Deduplication¶
Advanced entity deduplication and resolution system for maintaining a clean, single-source-of-truth Knowledge Graph.
🎯 Overview¶
-
Duplicate Detection
Identify duplicates using multi-factor similarity metrics
-
Entity Merging
Merge entities with configurable strategies (Keep First, Most Complete, etc.)
-
Clustering
Cluster similar entities for efficient batch processing
-
Similarity Metrics
Levenshtein, Jaro-Winkler, Cosine, and Jaccard similarity support
-
Provenance
Preserve data lineage and history during merges
-
Scalable
Batch processing and blocking for large datasets
When to Use
- Data Ingestion: Clean incoming data before adding to the graph
- Graph Maintenance: Periodically clean up existing knowledge graphs
- Entity Resolution: Resolve entities from different sources (e.g., "Apple" vs "Apple Inc.")
⚙️ Algorithms Used¶
Similarity Calculation¶
The deduplication system uses multiple similarity metrics:
- Levenshtein Distance: Edit distance for string difference
- Jaro-Winkler: String similarity with prefix weighting (Default for strings, optimized for entity names)

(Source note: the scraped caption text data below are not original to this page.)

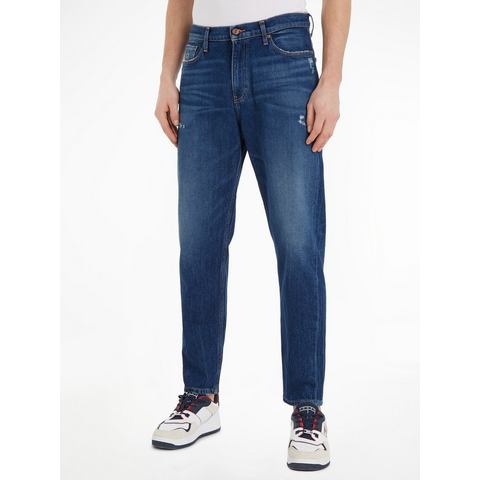 TOMMY JEANS 5-pocket jeans ISAAC RLXD TAPERED DG6159
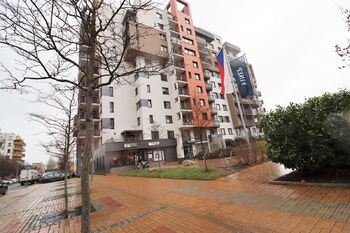 Pronájem bytu 2+kk v osobním vlastnictví 55 m², Praha 9 - Vysočany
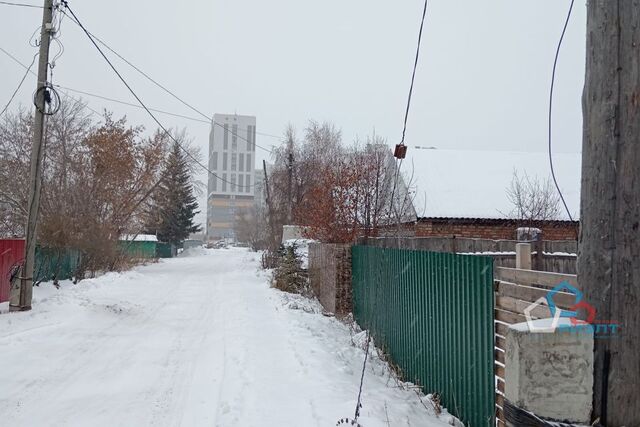 проезд 1-й Тюкалинский Омск городской округ фото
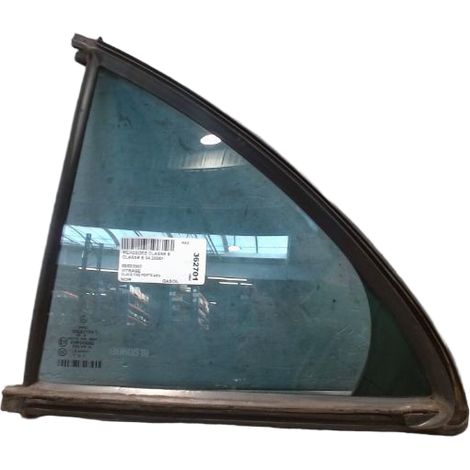 [PRODUIT D'OCCASION] Glace Fixe Porte Arg MERCEDES Classe E 2006- ♻️ Ref Oe. 2117300555 - Garantie à vie (1/2)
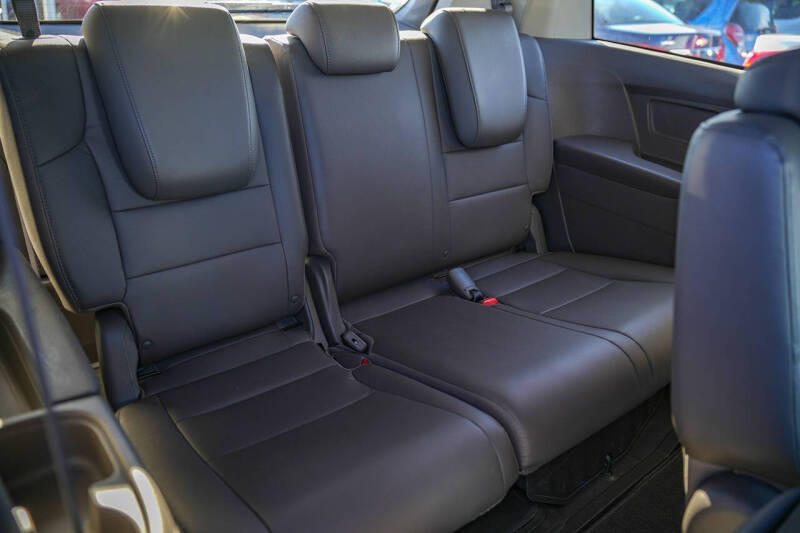 2013 Honda Odyssey EX-L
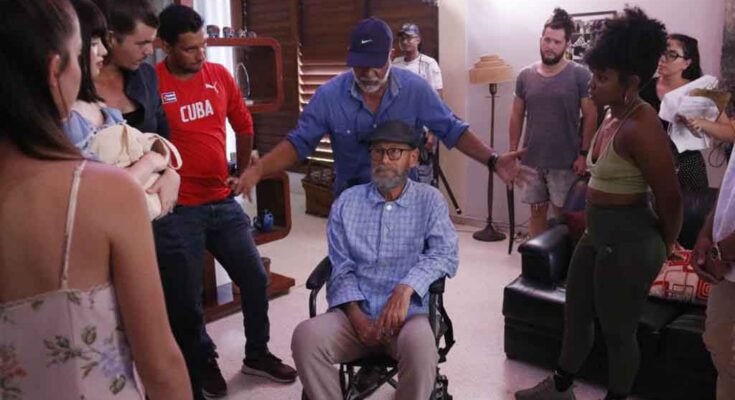 Pelicula Calle 232 regresa con nueva proyección a su público en Cuba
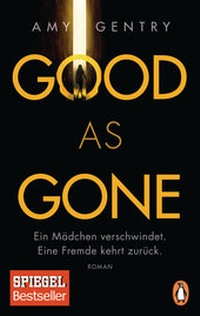 Enlarge image Cover: Good as Gone - Penguin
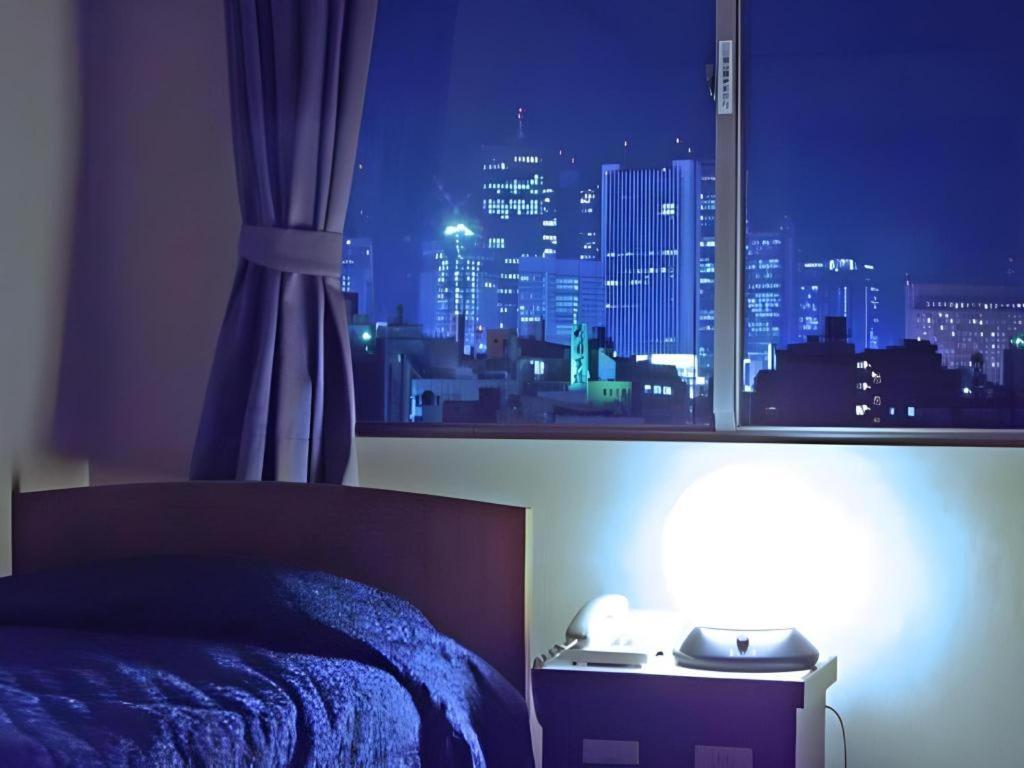 Tokyo Business Hotel Dış mekan fotoğraf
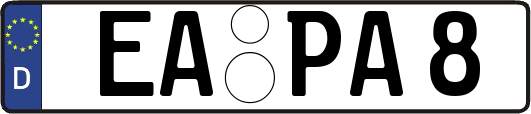 EA-PA8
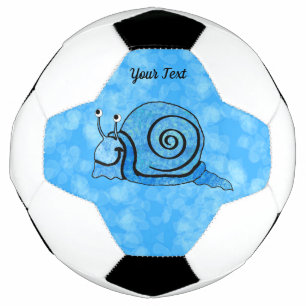 Coque Motif de teinture bleu de l'escargot de dess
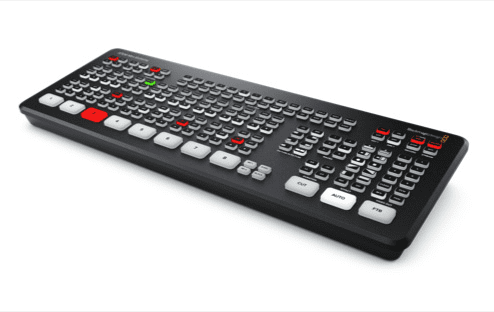ATEM Extreme Switcher with 8 HDMI inputs ATEM Extreme Switcher with 8 HDMI inputs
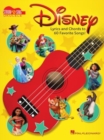 Image for Disney - Strum &amp; Sing Ukulele : Lyrics and Chords to 60 Favorite Songs!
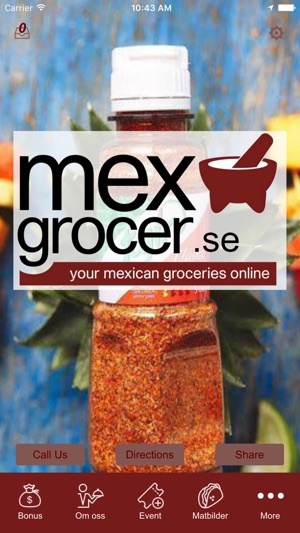 Mexgrocer(圖2)-速報App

- Cosine Similarity: Vector similarity for embeddings
- Jaccard Similarity: Set overlap for properties/relationships
- Property Matching: Handles disjoint properties with neutral scoring (
`0.5`) to prevent false negatives - Multi-factor Aggregation: Weighted sum of multiple metrics
Default Configuration¶
The deduplication module uses the following default weights to prioritize name matching while considering other factors:
- String Similarity:
`0.6`(Primary factor, using Jaro-Winkler) - Property Similarity:
`0.2`(Handles missing values neutrally) - Relationship Similarity:
`0.2` - Embedding Similarity:
`0.0`(Optional, enabled if embeddings are present)
Duplicate Detection¶
The system uses efficient detection algorithms:
- Pairwise Comparison:
`O(n²)`comparison (for small sets) - Blocking/Indexing: Reduce search space for large sets
- Union-Find: Disjoint set data structure for grouping duplicates
- Confidence Scoring:
`0.0 - 1.0`probability score for duplicates
Clustering¶
The module provides clustering algorithms for grouping similar entities: - Hierarchical Clustering: Agglomerative bottom-up clustering - Connected Components: Graph-based cluster detection - Cluster Quality: Cohesion and separation metrics
Entity Merging¶
- Strategy Pattern: Pluggable merge logic
- Property Union: Combining unique properties
- Relationship Merging: Re-linking relationships to the merged entity
Main Classes¶
DuplicateDetector¶
Identifies potential duplicates in a dataset using similarity metrics and confidence scoring.
Initialization:
DuplicateDetector(
similarity_threshold: float = 0.7,
confidence_threshold: float = 0.6,
use_clustering: bool = True,
config: Optional[Dict[str, Any]] = None,
**kwargs
)
Methods:
| Method | Description | Returns |
|---|---|---|
detect_duplicates(entities, threshold=None, **options) | Find duplicate pairs | List[DuplicateCandidate] |
detect_duplicate_groups(entities, threshold=None, **options) | Find clusters of duplicates | List[DuplicateGroup] |
incremental_detect(new_entities, existing_entities, threshold=None, **options) | Detect duplicates between new and existing entities | List[DuplicateCandidate] |
detect_relationship_duplicates(relationships, **options) | Detect duplicate relationships | List[Tuple[Dict, Dict]] |
Example:
from semantica.deduplication import DuplicateDetector
detector = DuplicateDetector(similarity_threshold=0.85, confidence_threshold=0.7)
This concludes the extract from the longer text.